Essentially this new feature defines an external BLOB store (EBS). The EBS runs parallel to the SQL Server content database, which stores the site’s structured data. You will note that this is pretty much the Documentum method.
In SharePoint, you must implement a COM interface (called the EBS Provider) to keep these two stores in sync. The COM interface recognizes file Save and Open commands and invokes redirection calls to the EBS. The EBS Provider also ensures that the SQL Server content database contains metadata references to their associated BLOB streams in the external BLOB store.
You install and configure the EBS Provider on each Web front end server in your farm. In its current version, external BLOB storage is supported only at the scope of the farm (SPFarm).
Your point being?
If you haven’t realised why I marked the previous sentence in bold, it is this. Since this EBS provider can only be supported at farm scope, then every document library on every site on every site collection in your farm now saves its data via the EBS provider.
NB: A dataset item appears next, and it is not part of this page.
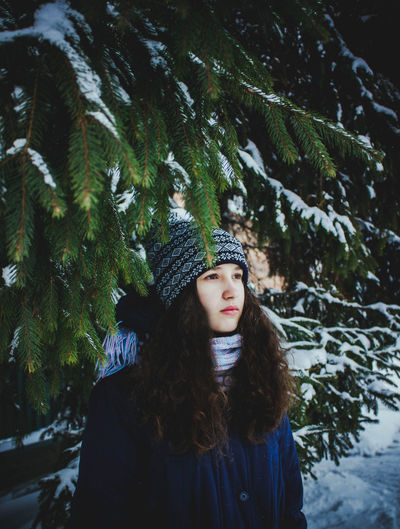 Portrait of beautiful woman standing against trees in winter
So there is utterly nil granularity with this approach. It’s an all or nothing deal. (There goes my utopian dream of two different types of document libraries). All of your documents in the farm are doing to be stored in this EBS provider!
But it gets worse!
The external BLOB storage feature in the present release will not remain syntactically consistent with external BLOB storage technology to be released with the next full-version release of Microsoft Office and Windows SharePoint Services. Such compatibility was not a design goal, so you cannot assume that your implementation using the present version will be compatible with future versions of Microsoft Office or Windows SharePoint Services.
So basically, if you invest time and resources into implementing an EBS provider, then you’re pretty much have to rewrite it all for the next version. (At least you find this out up front).
No utility is available for moving BLOB data from the content database into the external BLOB store. Therefore, when you install and enable the EBS Provider for the first time, you must manually move existing BLOBs that are currently stored in the content database to your external BLOB store.
Okay that makes sense. It is annoying but I can forgive that. Basically if you implement an EBS provider and enable it, your choices for migrating your existing content into it is a backup and restore/overwrite operation or simply wait it out and allow the natural process of file updates do the job for you.
When using an external BLOB store with the EBS Provider, you must re-engineer your backup and restore procedures, as well as your provisions for disaster recovery, because some backup and restore functions in Windows SharePoint Services operate on the content database but not on the external BLOB store. You must handle the external BLOB store separately.
I would have preferred Microsoft to flesh this statement out, as this will potentially cause much grief if people are not aware of this. It implies that STSADM isn’t going to give you the sort of full-fidelity backup that you expect. Yeouch! I feel I might get a few late night call-outs on that one!
Ah, but wait a minute there, sunshine, is that any different to now? STSADM backup and restore is not exactly rock solid now!
Any error conditions, resource drag, or system latency that is introduced by using the EBS Provider, or in the external BLOB store itself, are reflected in the performance of the SharePoint site generally.
Yeah whatever, this is code word for Microsoft’s tech support way of getting out of helping you. “I’m sorry sir, but call your EBS vendor. Thank you come again!”
I can’t say I am surprised at this version 1 implementation, but I am disappointed. If only the granularity extended to a site collection or better still an individual site, I could forgo the requirement to extend it to individual document libraries or content types.
So it will be interesting to see if this API gets any real uptake and if it does, who would actually use it!